注意すべきところは1点だけです。“出生”や“死亡”の欄には年月日を書いてください。住所ではありませんのでご注意ください。

ここに書いたものはそのまま法定相続情報一覧図として使われますので、パソコンで作成すると出来上がった書類もきれいです。パソコンが使える方はパソコンでの作成がおすすめです。

(2)申出書の作成

間違えやすいところはないのですが、迷いそうなところを4点書いておきます。

1つめは“申出人の表示”の印鑑です。これは認印でかまいません。シャチハタなどのゴム印(浸透印)は避けた方が無難です。

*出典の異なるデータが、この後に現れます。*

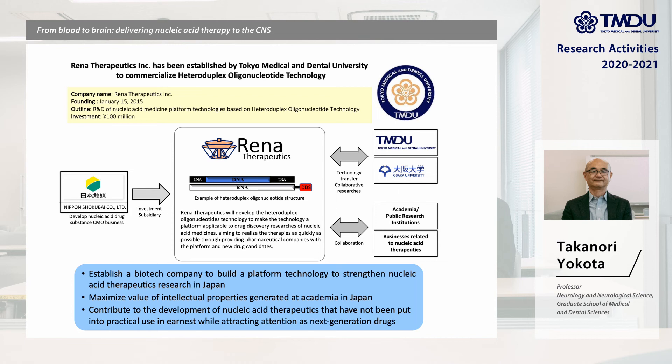Our university, Tokyo Medical Dental University, established a bio-venture company, Rena Therapeutics, in 2015 for developing and marketing HDO patents for patients.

2つめは“利用目的”です。何に使うのかがはっきりとしないときは、確実に使うものと使うかもしれないものの全てにチェックを入れておくのがおすすめです。たとえば、“不動産登記”に使うのは決まっているけれど、“預貯金の払戻し”に使うかどうか分からないし、“相続税の申告”に使うかも分からないという場合には、3つともにチェックを入れておきましょう。私の場合は“預貯金の払戻し”だけの予定でしたので、1つだけにチェックを入れました。

3つめは“必要な写しの通数・交付方法”です。実際に何枚使うか分からないという方がほとんどだと思います。ここは多めに取得しておきましょう。何といってもタダですから!足りないよりも余る方がいいです。「3~4枚くらいかな~?」という方は倍の8枚以上貰っておきましょう。法定相続情報一覧図は意外なところで使い道がありますよ。私も余分に貰っておいて助かりました。

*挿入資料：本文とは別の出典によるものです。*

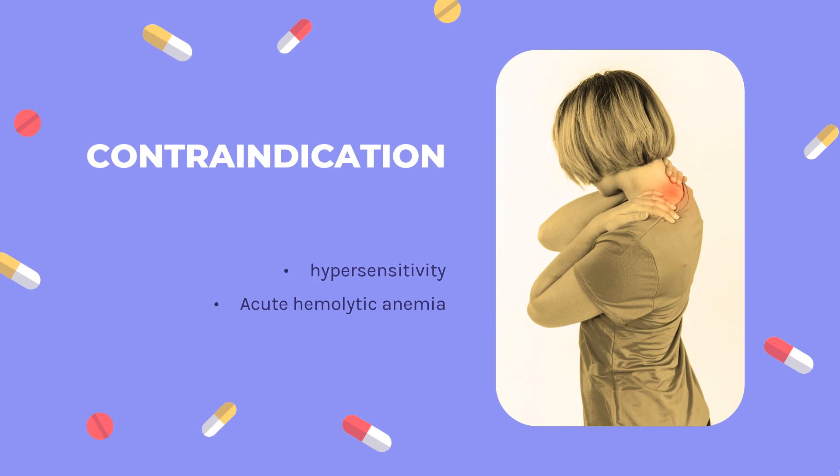Contraindication. Krystexxa is contraindicated for patients with a history of serious hypersensitivity reactions, including anaphylaxis, to Krystexxa or any of its components. Acute hemolytic anemia, which may be the result of the patient's medications, can produce inaccurate results.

4つめは“申出先登記所の種別”です。書類を提出する法務局を選ぶのですが、最も便利なところでOKです。私は、住所から登記所を調べると車で行ける範囲でしたので“申出人の住所地”にチェックを入れました。

5 出来上がった書類の受け取り

私は窓口で受け取ることにしましたので、窓口まで行ってきました。即日発行というわけにはいきませんでした。作成に要する日数は登記所によっても違うのでしょうが、枚方の法務局では3~4日かかると言われました。

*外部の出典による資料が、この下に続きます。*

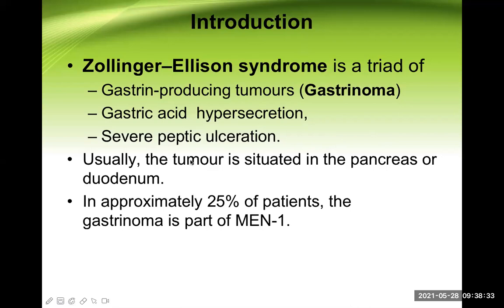The tumor is situated in the pancreas, or sometimes in the duodenum, but mainly in the pancreas. In approximately 25% of patients, the gastrinoma is part of MEN1 syndrome — Multiple Endocrine Neoplasia type 1 syndrome. MEN syndrome comes in different types: MEN1, MEN2, and MEN2 is further divided into 2A and 2B.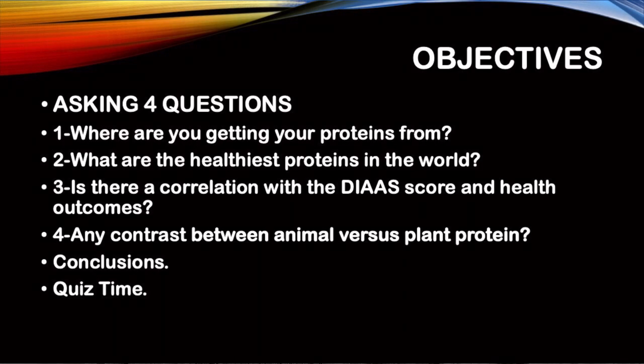Hello friends, I'm Dr. T, wishing you a great summer. Today we're going to continue to address proteins, part 3. We are asking: where are we getting our proteins from? What are the healthiest proteins in the world? Is there a correlation with the digestible amino acid score and health outcomes, and what's the difference between animal and plant sources of protein? We end with quiz time.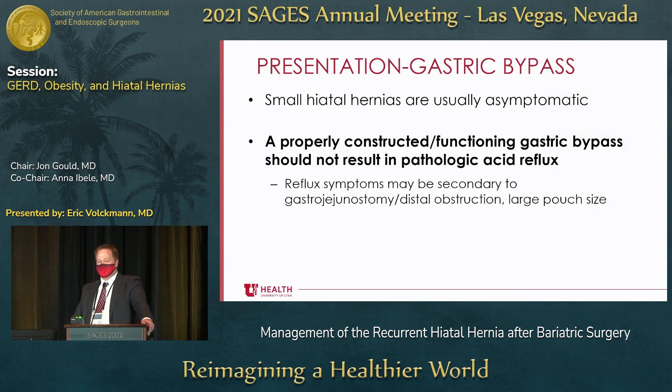Small hiatal hernias are generally asymptomatic. If we see a small hiatal hernia preoperatively, we tend not to fix them, and patients do just fine. I would argue that a properly constructed and functioning gastric bypass should not result in pathologic acid reflux — that doesn't mean they can't have bile reflux or reflux for other reasons. If you put a Bravo probe there, they're almost always normal even though patients say they're having reflux. You have to consider that reflux can be secondary to distal obstruction, gastrojejunostomy stenosis, large pouch size, a positive pH study, esophageal dysmotility. You can't just say there's a hiatal hernia — that's the cause of the reflux. It's a different beast now.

出来上がったら連絡がほしい旨を伝えておきますと、出来上がったら電話を貰うことができます。実際には書類が整って提出した翌日に連絡がありました。

私の場合は書類不備の連絡がありましたので、最初に提出した翌々日になってしまいました。

 

 

| 銀行口座の解約以外にも!

 

亡祖父の銀行口座が4つあり、予定通り解約に法定相続情報一覧表を使いました。解約するときには金融機関に電話をして手続きの流れと必要な書類を問い合わせました。

地方の小さな信用金庫に「謄本の代わりに“法定相続情報一覧図”が使えますか?」と尋ねると「法定相続…何ですか?」との答えが…!「法務局に謄本を提出して証明してもらう一覧図です。去年から始まった制度です。」と伝えますと、しばらく待ってから了承の返事をいただきました。まだまだ口座解約に使われる方は少ないようです。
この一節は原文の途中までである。